● Problem statement
Once the pictures have been excluded, set down each remaining entry word for word.

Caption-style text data
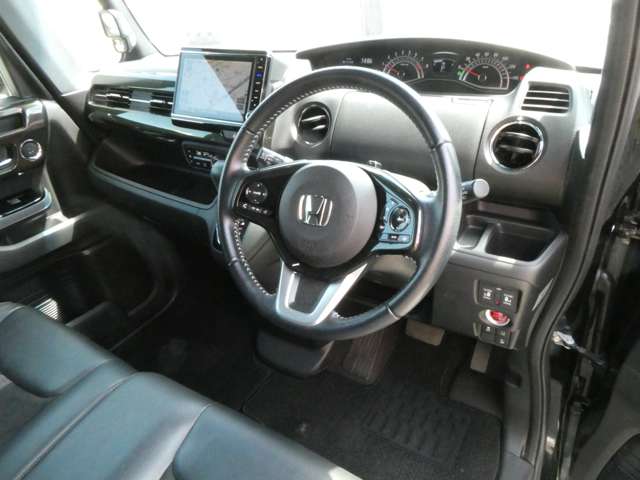 ホンダ Ｎ　ＢＯＸ カスタム ６６０ Ｇ Ｌ ターボ ホンダセンシング R2年 (関東) 99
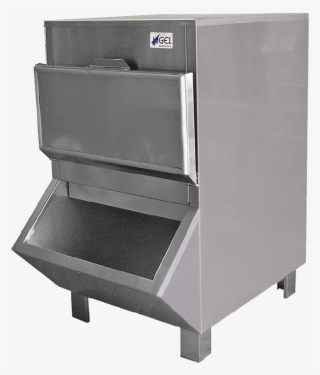 Equipos De Almacenaje De Hielo - Steam Table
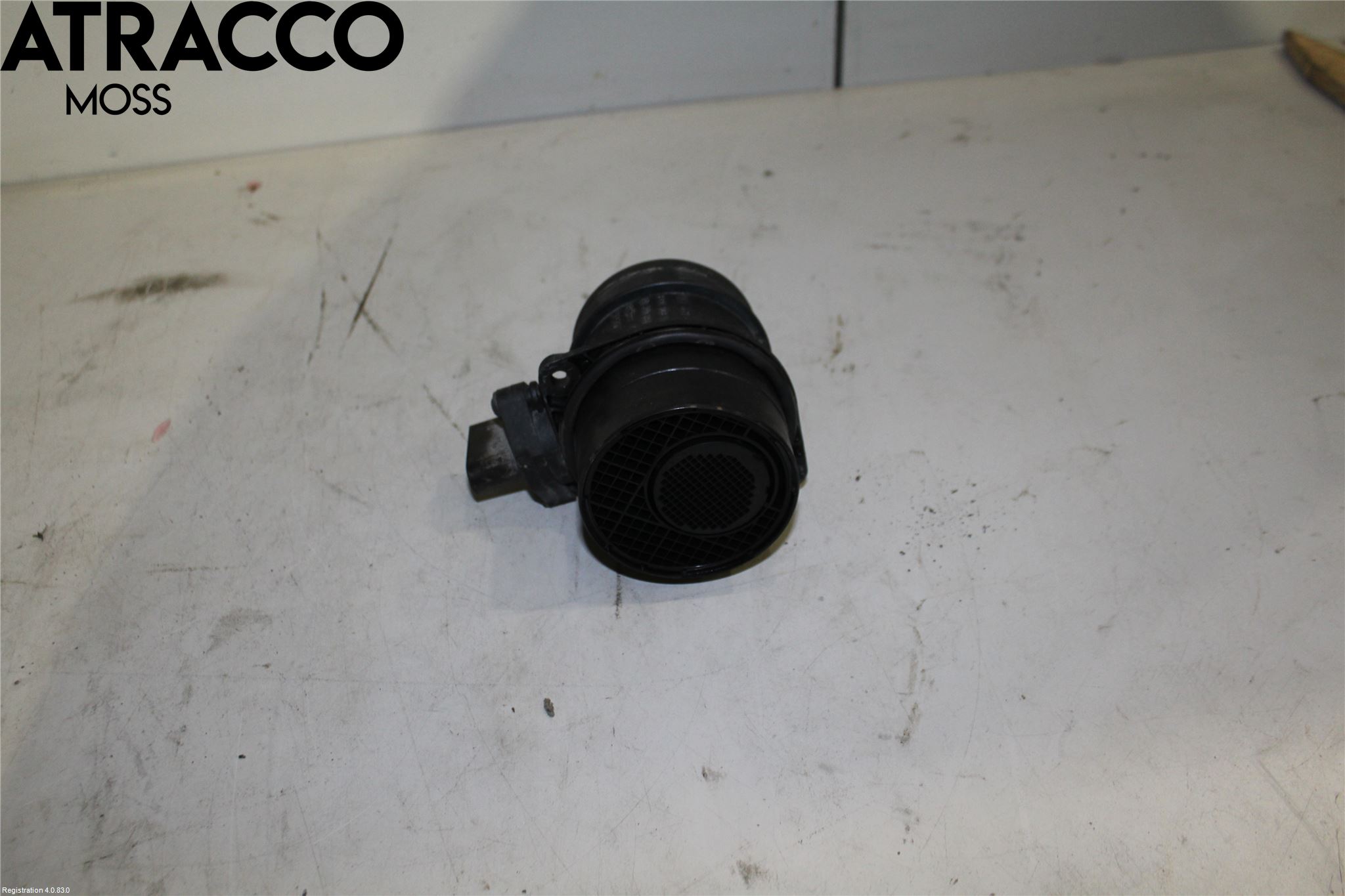 Mitsubishi OUTLANDER 07-12 Inns Luftmassemåler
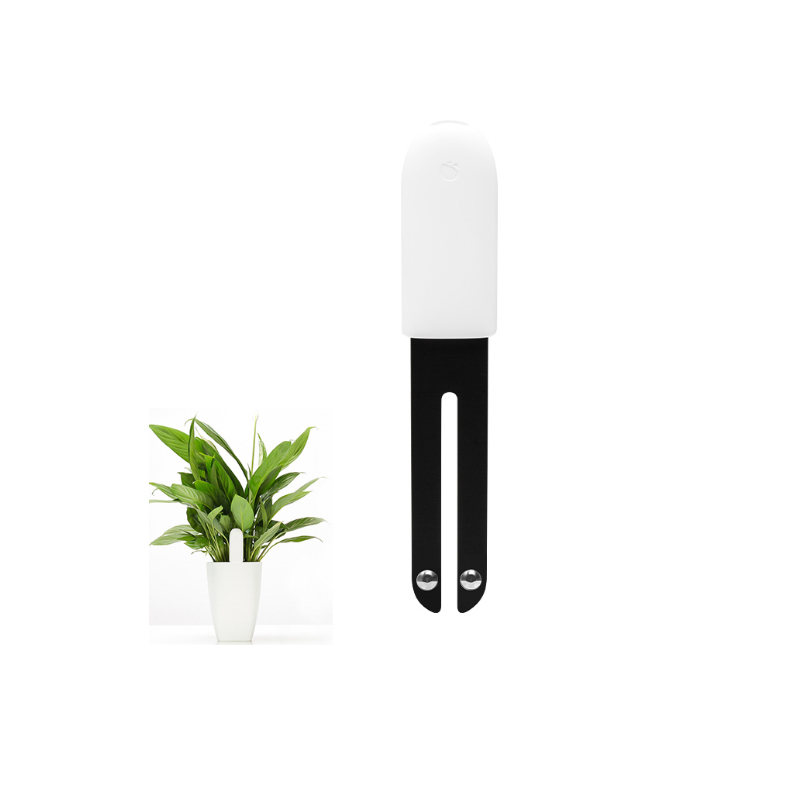 Умный датчик-тестер для растен – обзор и цена Smart Garden Xiaomi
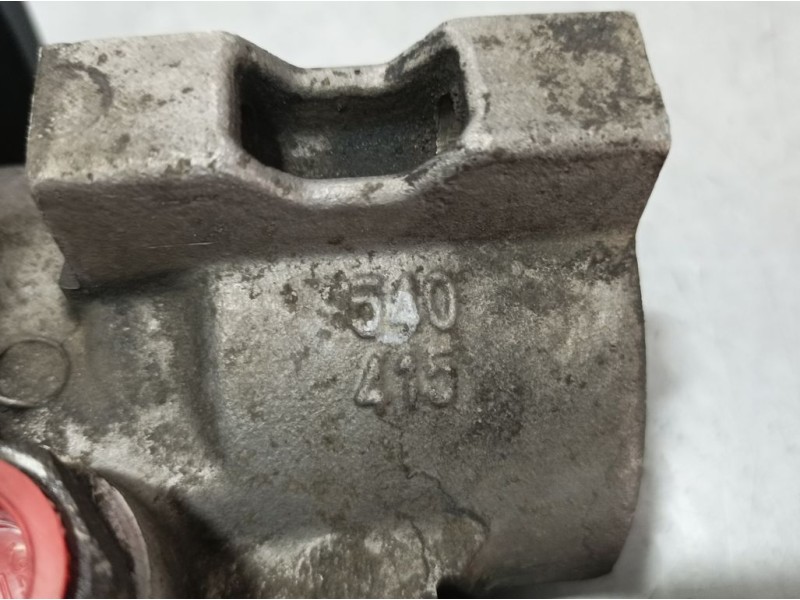 Recambio de bomba direccion para chevrolet aveo ls referencia OEM IAM 540412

● Written solution
 ホンダ Ｎ　ＢＯＸ カスタム ６６０ Ｇ Ｌ ターボ ホンダセンシング R2年 (関東) 99
 Equipos De Almacenaje De Hielo - Steam Table
 Mitsubishi OUTLANDER 07-12 Inns Luftmassemåler
 Умный датчик-тестер для растен – обзор и цена Smart Garden Xiaomi
 Recambio de bomba direccion para chevrolet aveo ls referencia OEM IAM 540412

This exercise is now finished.